Teniendo en cuenta el envejecimiento global de la población europea, solo la inmigración permite equilibrar los sistemas de pensiones y de seguro de enfermedad, pero siempre que se trate de una inmigración de trabajadores. ¿Pueden los Gobiernos intervenir en los flujos? ¿Se puede favorecer una inmigración cuantitativa y cualitativa con más facilidad que la que se describe en los discursos encendidos de los políticos?

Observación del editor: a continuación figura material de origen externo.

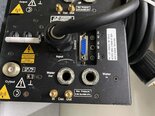 フォト（写真） 使用される ADVANCED ENERGY RFG 3000 販売のために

Basta con partir de un hecho comprobado: los inmigrantes son racionales. Si un país ofrece gratuitamente a cualquier inmigrante, legal o no, educación, cuidados y prestaciones sociales, el inmigrante racional elegirá ese país. Por tanto, es la facilidad o la dificultad para acceder al Estado del Bienestar la que regula, de hecho, los flujos migratorios. Suiza, a este respecto, es el país más racional de Europa ya que cada año determina, tras consultar a los empresarios, sus necesidades de trabajadores legales, y aplica de forma eficaz -pero no perfecta, porque sería imposible- esta política. La Unión Europea, por el contrario, quizás porque alberga buenos sentimientos, no cuenta con ninguna política migratoria.

En toda lógica, esta política debería estar definida por el Parlamento Europeo, que debería establecer un cupo legal, porque una vez que entra en Europa, el inmigrante, en la zona llamada Schengen, es libre de ir adonde desee. Solo esta política colectiva y selectiva permitiría a toda Europa recuperar un cierto dinamismo económico y equilibrar sus cuentas sociales sin herir los sentimientos nacionales. Por experiencia, sabemos que en el país de acogida se percibe positivamente a un inmigrante que trabaja y negativamente si no trabaja.

Dicha política migratoria tendría que basarse en unos imperativos económicos y mantenerse ajena a las pasiones. Este paso a la racionalidad es, sin lugar a dudas, la etapa más ardua de este escenario.